§ Recorded information:
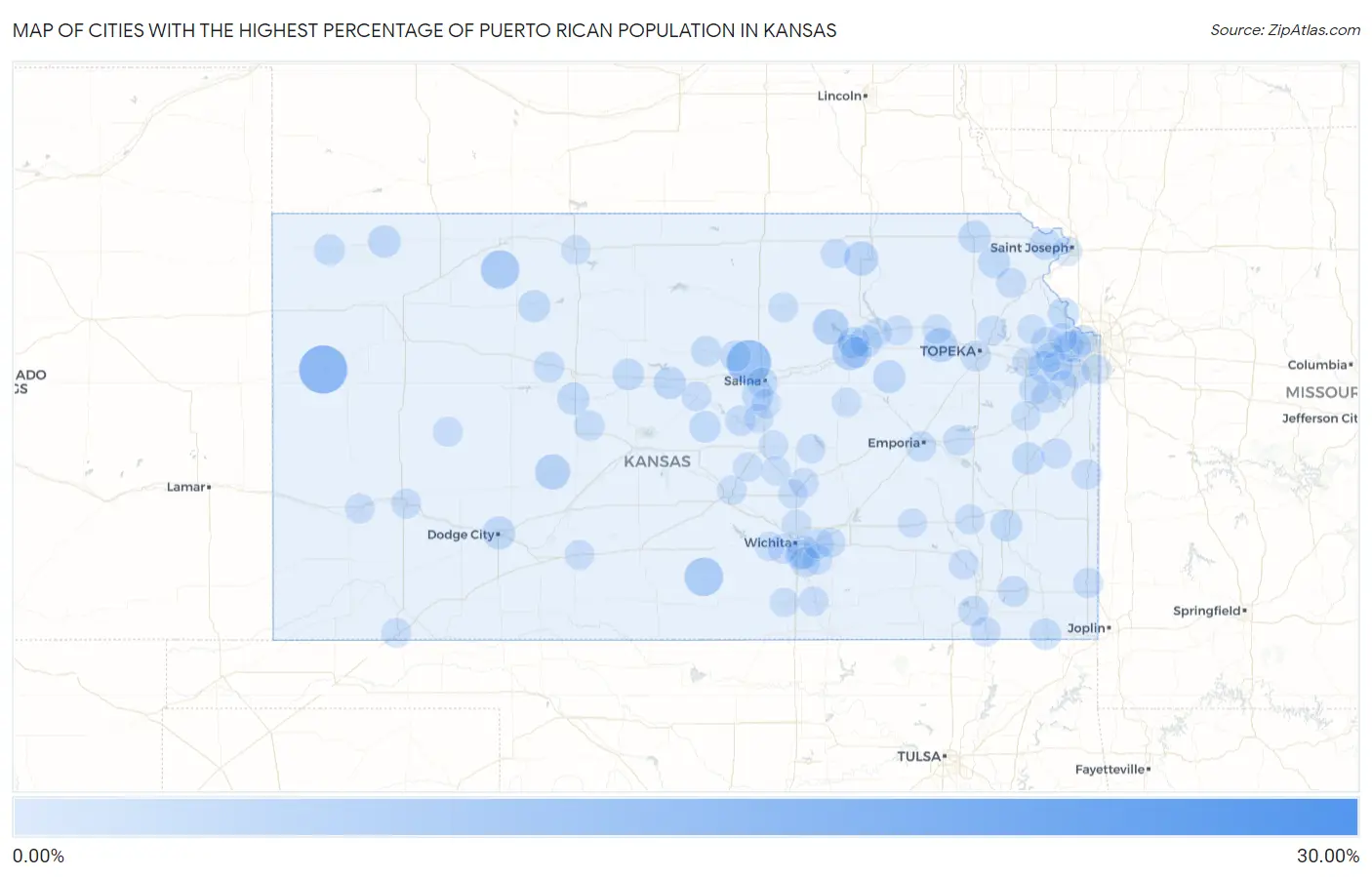 Cities with the Highest Percentage of Puerto Rican Population in Kansas Map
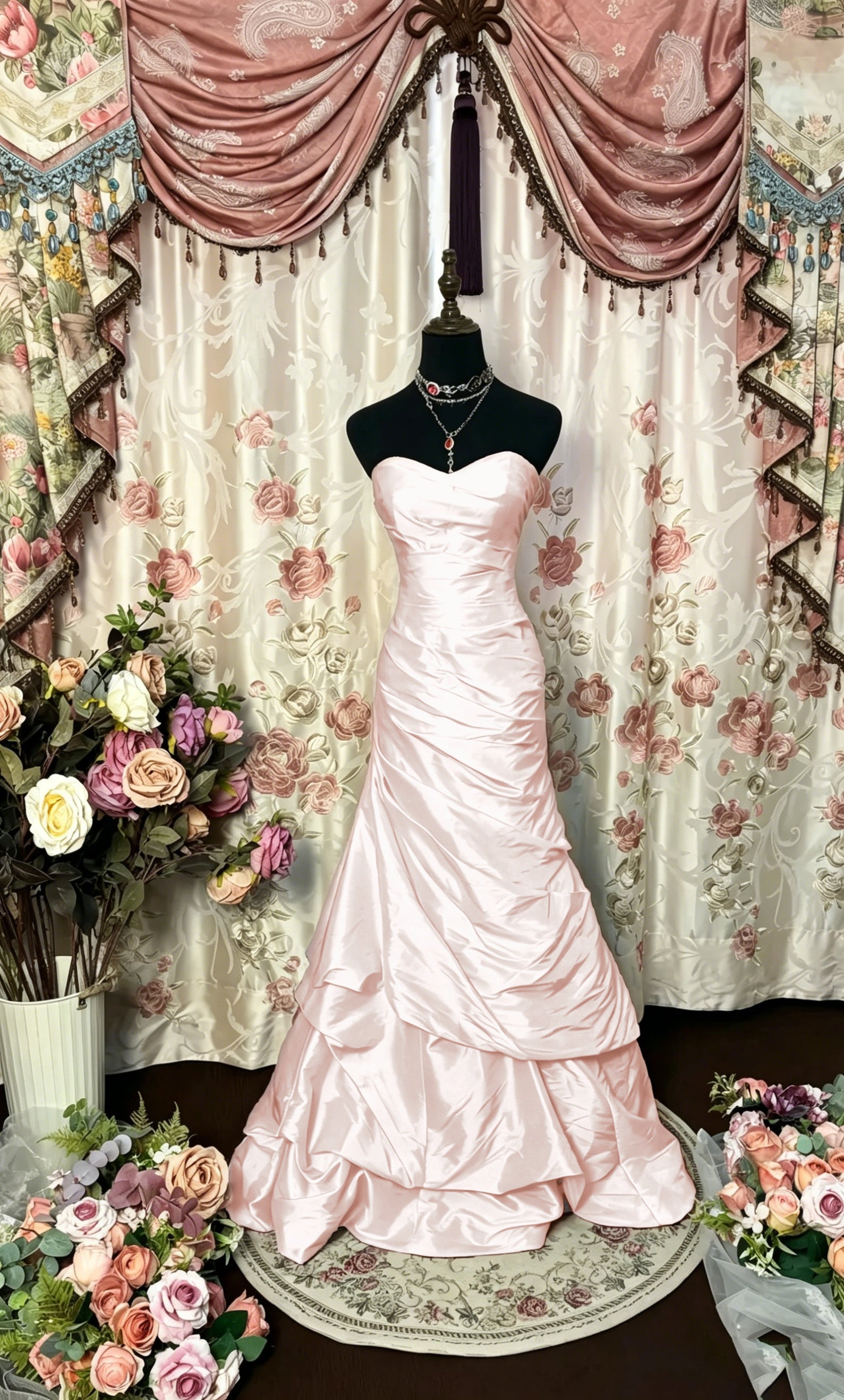 Cocoslly Strapless Sweetheart Sleeveless High Waist Long A Line Prom Dress With Ruffles | Black Red Satin PRD0034
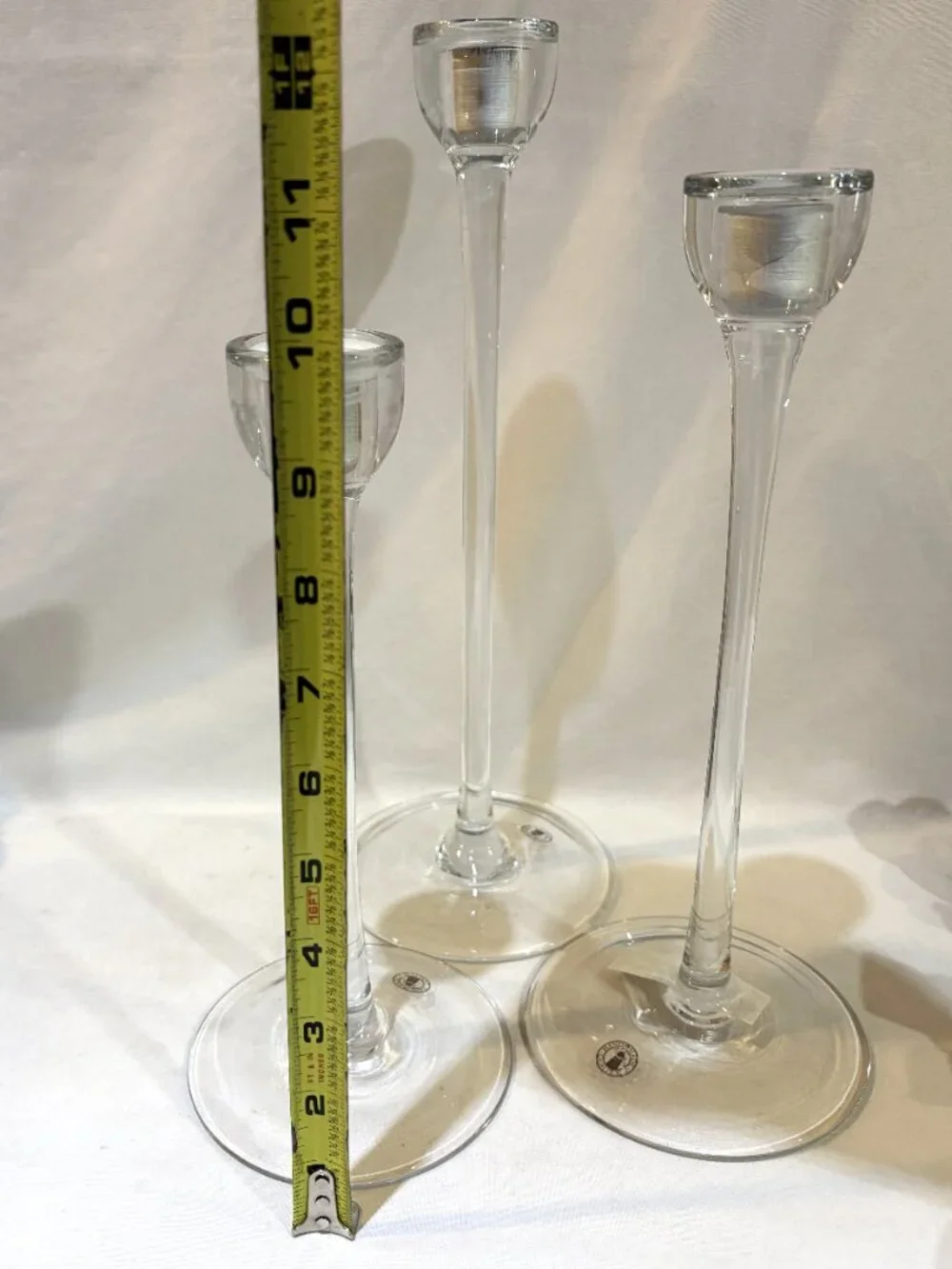 IKEA Blomster Candlestick Holder Set of 3 VTG 1999 Hand Made Quality Glass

§ Task objective:
The reply should repeat the listing above exactly and contain no pictures.

§ Output:
 Cities with the Highest Percentage of Puerto Rican Population in Kansas Map
 Cocoslly Strapless Sweetheart Sleeveless High Waist Long A Line Prom Dress With Ruffles | Black Red Satin PRD0034
 IKEA Blomster Candlestick Holder Set of 3 VTG 1999 Hand Made Quality Glass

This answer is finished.